The AFL is growing in confidence with its push into China, having secured the crucial thumbs-up from local government.
Soon after Port Adelaide host St Kilda at Jiangwan Stadium on June 2, the league will open a small office in Shanghai.
This is the third year of premiership games in China, the flagship of Port's ambitious project to break into the market.
When Port and Gold Coast first played in Shanghai, the point was made privately that to a great extent, it did not matter what the AFL or the clubs put into the risky venture.
Given China's centralised society, the project would live or die depending on what key government officials thought of the idea.
"The role the government plays in China is absolutely critical and without their support, the game wouldn't go ahead let alone be successful," said AFL China boss David Stevenson.

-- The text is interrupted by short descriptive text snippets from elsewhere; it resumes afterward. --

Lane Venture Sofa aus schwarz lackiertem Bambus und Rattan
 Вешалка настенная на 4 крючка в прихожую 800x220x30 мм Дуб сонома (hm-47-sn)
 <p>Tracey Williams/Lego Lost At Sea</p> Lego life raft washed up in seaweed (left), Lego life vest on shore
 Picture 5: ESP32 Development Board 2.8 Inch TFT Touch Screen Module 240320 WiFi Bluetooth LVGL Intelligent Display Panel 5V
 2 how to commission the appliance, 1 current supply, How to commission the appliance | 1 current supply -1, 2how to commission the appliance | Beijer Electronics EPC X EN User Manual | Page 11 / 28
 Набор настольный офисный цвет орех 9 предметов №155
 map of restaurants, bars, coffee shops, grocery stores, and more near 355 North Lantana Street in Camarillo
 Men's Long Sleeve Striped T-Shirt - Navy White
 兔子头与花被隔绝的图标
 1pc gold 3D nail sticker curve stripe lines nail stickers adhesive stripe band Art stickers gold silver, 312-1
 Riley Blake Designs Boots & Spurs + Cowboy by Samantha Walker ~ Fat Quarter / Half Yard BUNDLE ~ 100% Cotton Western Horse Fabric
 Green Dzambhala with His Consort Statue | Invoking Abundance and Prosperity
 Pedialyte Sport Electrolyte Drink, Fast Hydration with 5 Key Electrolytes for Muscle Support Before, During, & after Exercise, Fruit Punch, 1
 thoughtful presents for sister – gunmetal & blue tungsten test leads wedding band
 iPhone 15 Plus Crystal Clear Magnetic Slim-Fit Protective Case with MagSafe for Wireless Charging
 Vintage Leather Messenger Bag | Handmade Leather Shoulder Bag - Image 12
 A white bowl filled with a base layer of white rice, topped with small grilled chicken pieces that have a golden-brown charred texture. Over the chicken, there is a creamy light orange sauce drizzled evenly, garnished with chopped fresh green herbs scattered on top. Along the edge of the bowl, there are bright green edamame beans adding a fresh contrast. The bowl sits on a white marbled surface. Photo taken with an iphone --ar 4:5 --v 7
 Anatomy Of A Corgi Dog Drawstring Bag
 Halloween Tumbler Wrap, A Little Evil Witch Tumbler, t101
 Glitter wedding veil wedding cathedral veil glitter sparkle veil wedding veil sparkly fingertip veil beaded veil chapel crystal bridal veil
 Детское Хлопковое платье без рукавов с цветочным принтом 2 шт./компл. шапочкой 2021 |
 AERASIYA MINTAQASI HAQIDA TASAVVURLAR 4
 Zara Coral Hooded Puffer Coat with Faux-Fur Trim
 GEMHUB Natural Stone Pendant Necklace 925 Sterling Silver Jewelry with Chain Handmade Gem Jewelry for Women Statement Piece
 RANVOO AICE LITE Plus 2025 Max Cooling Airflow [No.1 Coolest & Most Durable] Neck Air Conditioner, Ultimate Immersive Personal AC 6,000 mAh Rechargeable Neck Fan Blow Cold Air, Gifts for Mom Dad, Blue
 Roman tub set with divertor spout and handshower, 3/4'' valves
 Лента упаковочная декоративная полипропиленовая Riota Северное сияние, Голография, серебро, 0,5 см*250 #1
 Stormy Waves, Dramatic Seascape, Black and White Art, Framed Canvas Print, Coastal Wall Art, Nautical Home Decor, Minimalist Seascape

"They're really supportive of it.
"They've gone past that initial first year of trepidation, where they were just a little bit nervous about it was.
"Now they see the benefit of it and they've jumped right on board."
After two years of the Power playing the Suns in China, the Saints have replaced Gold Coast on a three-year deal.
While grateful for Gold Coast's initial involvement, Stevenson said having the Saints involved was a step up because they offer exposure to Melbourne's large Chinese community.
The AFL has also signed a deal with the federal government, linking the game to trade ventures.
Stevenson said apart from Port Adelaide's enthusiasm, the other big driver for the Shanghai game has been trade.
"There's a strong commercial tail wind, to come and make this game a success," he said.